In any consideration of the issues at the heart of today’s discussion, there is the question of what is acceptable behaviour by our print media. Is it intrusive telephoto lens photography at private occasions? Is it reporting on the family travails of famous or public figures? Is it salacious stories of little public relevance beyond titillation and profit?

It has been generally recognised by the Irish media — I say this in fairness to it — that even public figures have a right to a private life beyond their public duties. In return, there has always been, by international standards, an above normal access to our public figures, as befits our open and democratic traditions. We have had, therefore, a reasonable and decent press, in general terms, and the degree to which public figures have been accessible has stunned those who have witnessed it.

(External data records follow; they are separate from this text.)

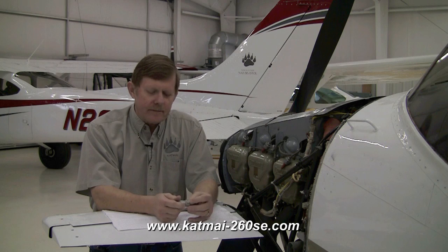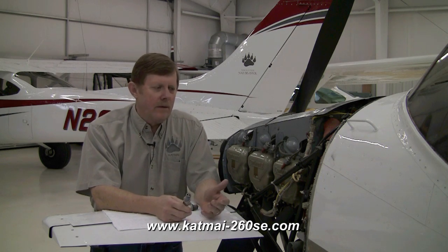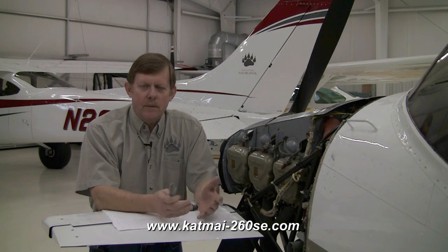For those of you out there thinking about maybe doing an engine upgrade for your Skylane, or even overhauling your old Skylane engine, I've got a short story for you. Many years ago a gentleman called me up and inquired about our fuel-injected 260 horsepower engine upgrade, and he asked what the price of the kit was.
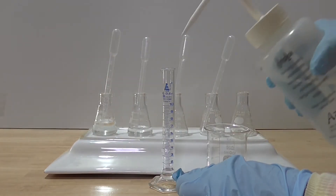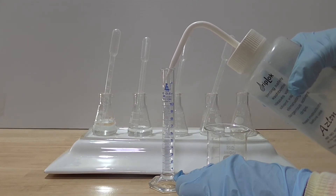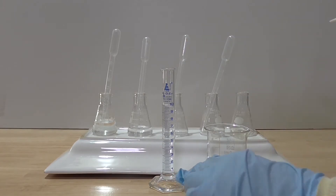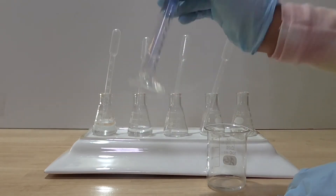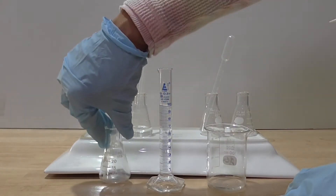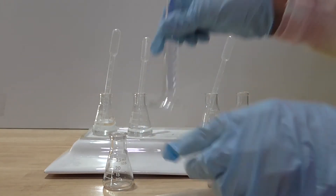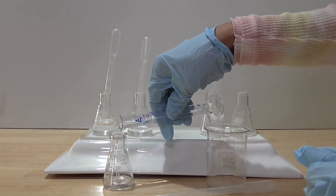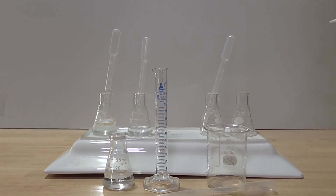Then I pour nine milliliters of water into the cylinder. I ensure the solution is well mixed. The sodium hydroxide in the measuring cylinder now has a concentration of 0.01 molar. I pour the 0.01 molar sodium hydroxide into a clean dry glass flask.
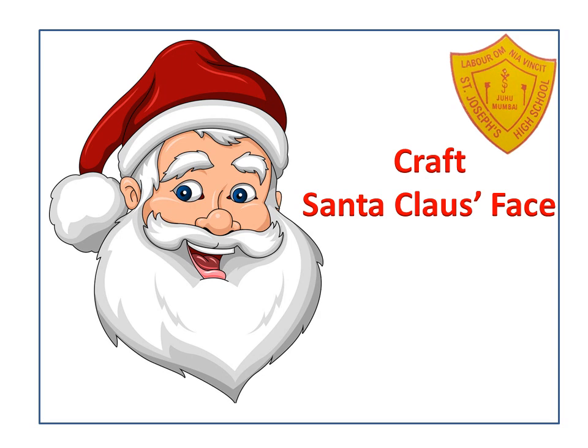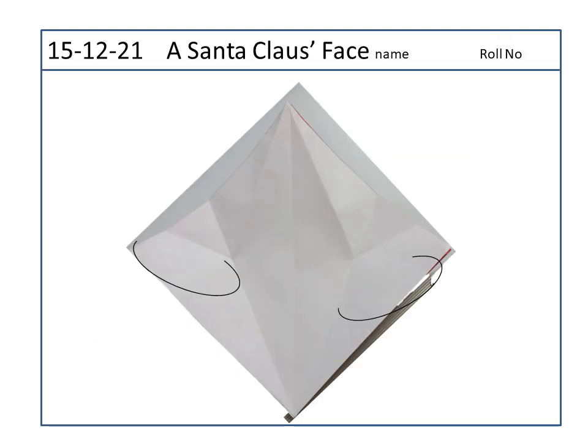Hello children, how are you keeping? I hope you're all ready for a new class of craft. Today we will learn how to make a Santa Claus's face. Find the center line of this paper and then fold the sides to the center line.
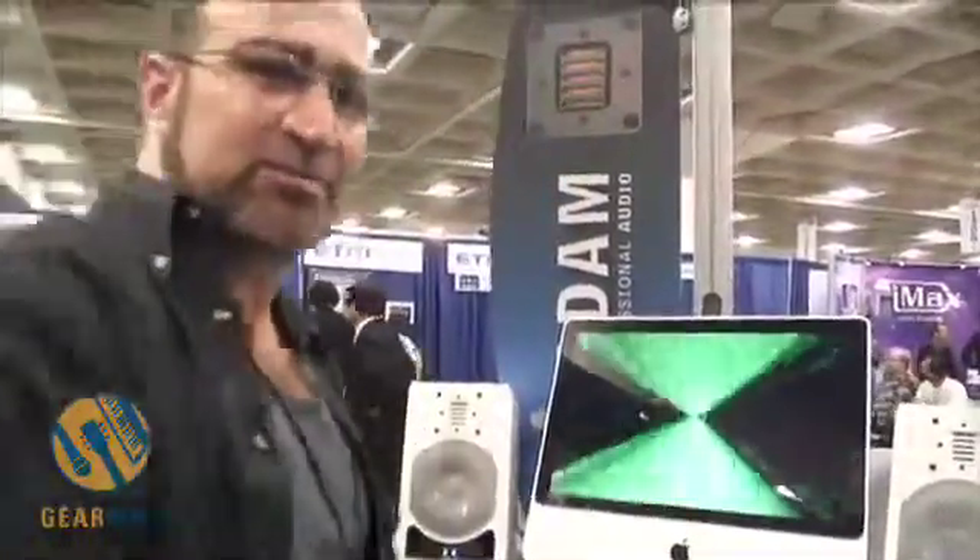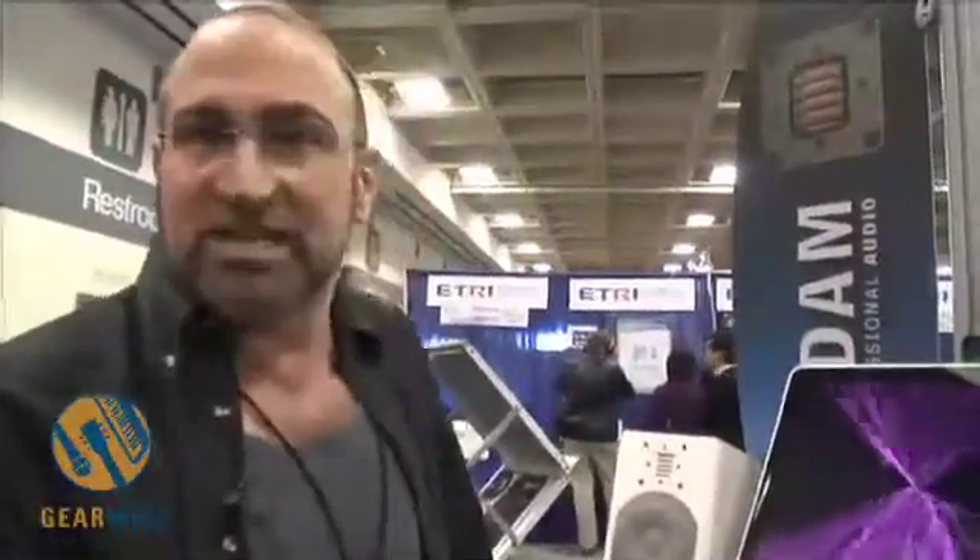The A5 is designed around Atom's proprietary folded ribbon tweeter technology. It uses the same kind of material in its woofer — carbon fiber — that's used in our extremely popular A7 Studio monitor. It's available with optional stands that you can put underneath it. And we're finding people are using it with computers for games and cruising the internet as well as in studio applications, so it's really broadening the appeal of the Atom line.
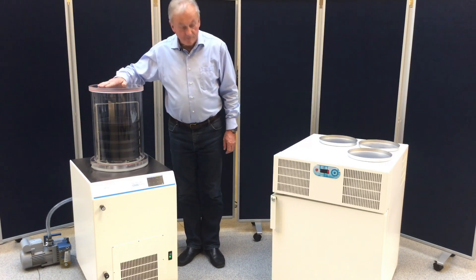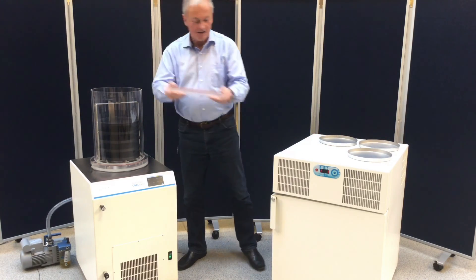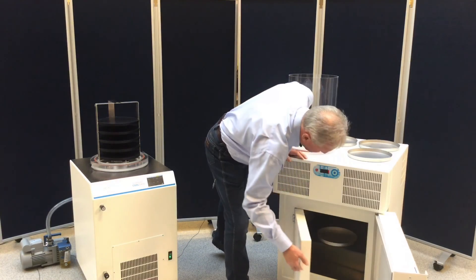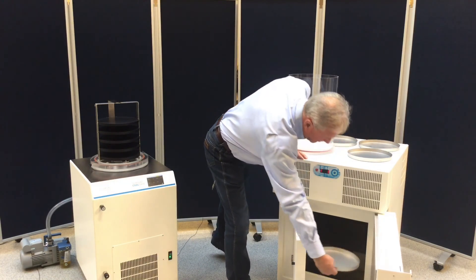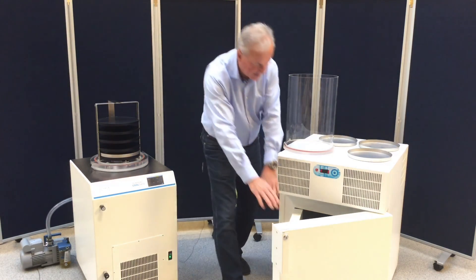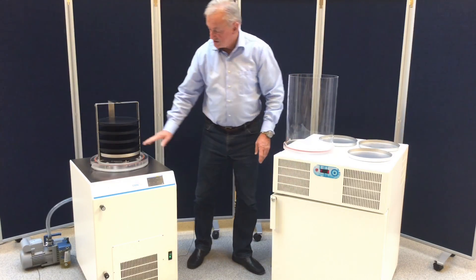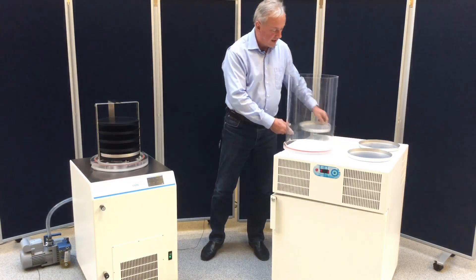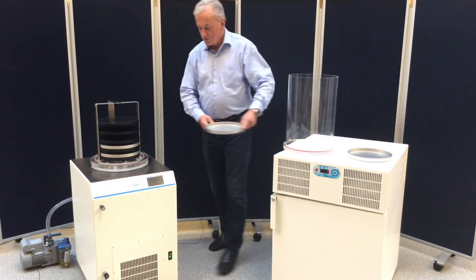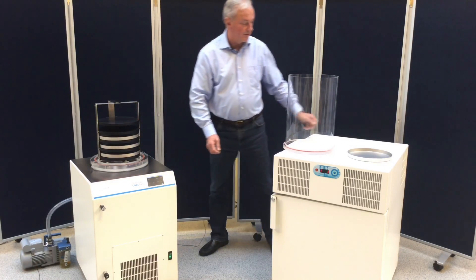So now, three hours later, our sample is frozen. We will get it prepared, take off the lid, take our frozen sample, and place them inside the shelf. It is quite important that you do that rather quickly so your sample does not start melting. It is important that you bring the pressure down below the eutectic point as soon as possible.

Responsibility rests with media owners, editors and journalists to establish and maintain standards and to invest in better journalists and journalism. While I have no wish to whitewash the inevitable colour from much of our print media coverage, I am obliged to ask whether it can seriously continue to publish completely made-up stories, fictitious by-lines — I cannot understand how anyone can stand over an article and pretend it was written by someone who does not exist — and a reliance on “denial” type journalism. As [456] regards the latter, if one were a journalist, one might put to Senator Ryan some accusation in the form of a fax sent on a Friday evening——

  Mr. Ryan: The Minister could do a good job in that regard.

  Mr. M. McDowell: ——and record that he either responded to the facts and told one to get lost or denied them or that he did not respond to the facts. That then becomes the story, which is simply not an acceptable way to try to educate public opinion.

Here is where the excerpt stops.